GIVEN INFORMATION:
== Segment start ==

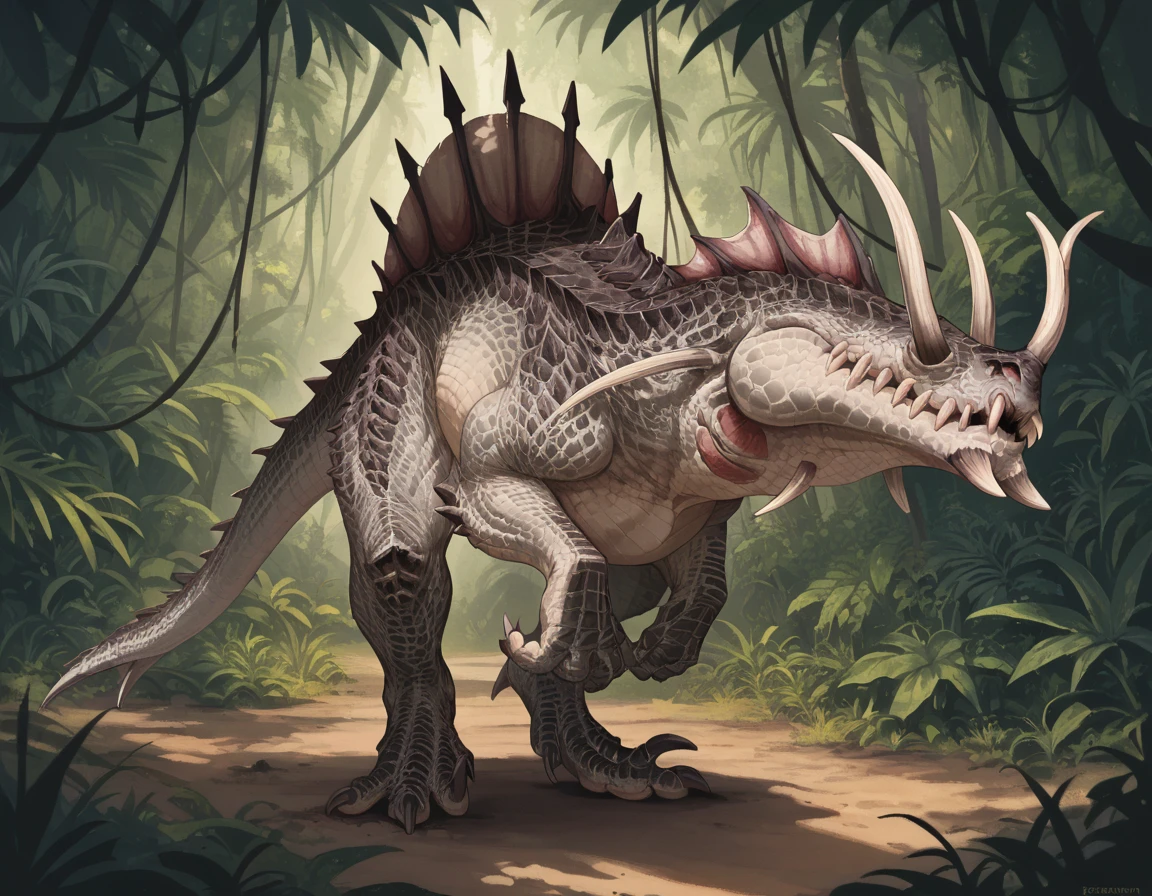 Score_9, Score_8_up, Score_7_up, 2d, source_cartoon, cartoon, jungle, deep jungle, tropical, dappled light,
Troglodon, monster, scales, no eyes, hair over eyes, spikes, horns, claws, solo, forked tail,
 <lora:Troglodon_PonyXL:0.8>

== Segment end ==

EXERCISE: Using the material above, extract the line that contains "Troglodon, monster, scales, no" and every line after it, exactly as given; stop at the last line.

EXPECTED ANSWER:
Troglodon, monster, scales, no eyes, hair over eyes, spikes, horns, claws, solo, forked tail,
 <lora:Troglodon_PonyXL:0.8>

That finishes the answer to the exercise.